Records to use —
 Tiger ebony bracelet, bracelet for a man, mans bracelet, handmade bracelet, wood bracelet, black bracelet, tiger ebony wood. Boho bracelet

==

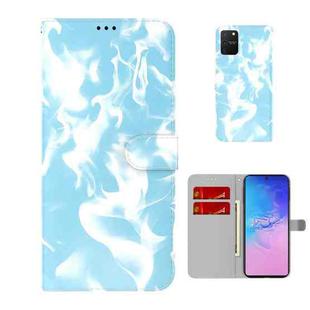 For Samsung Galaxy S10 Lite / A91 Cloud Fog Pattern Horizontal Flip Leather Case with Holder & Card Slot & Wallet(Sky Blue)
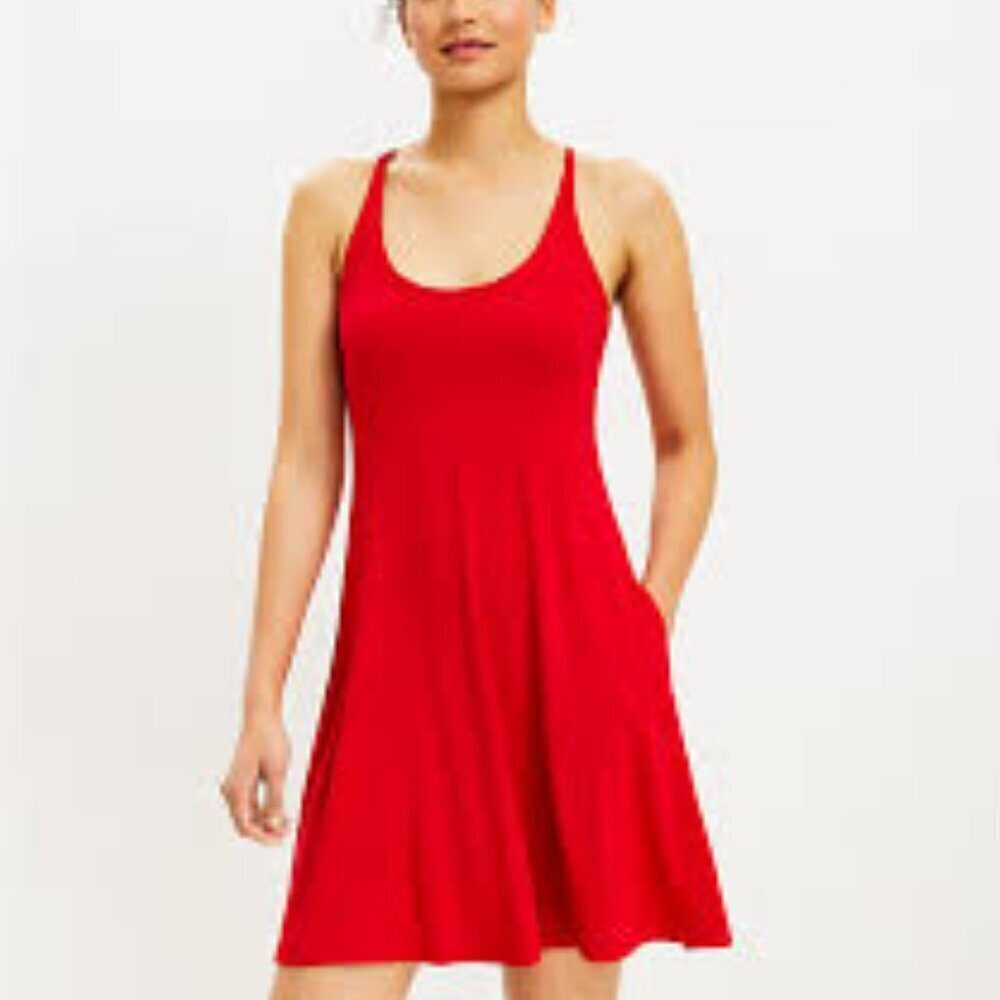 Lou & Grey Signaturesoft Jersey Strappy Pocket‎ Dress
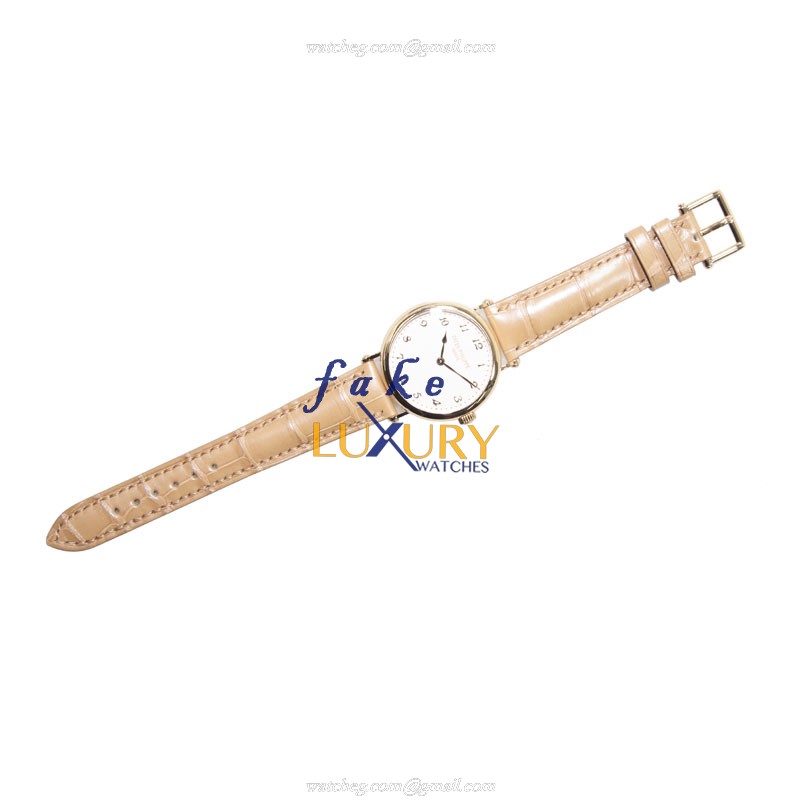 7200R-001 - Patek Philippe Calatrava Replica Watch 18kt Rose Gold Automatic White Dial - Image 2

What to produce —
Copy word for word only the lines above from the one with "Lou & Grey Signaturesoft" through the one with "7200R-001 - Patek". Leave pictures out.

Task answer —
 Lou & Grey Signaturesoft Jersey Strappy Pocket‎ Dress
 7200R-001 - Patek Philippe Calatrava Replica Watch 18kt Rose Gold Automatic White Dial - Image 2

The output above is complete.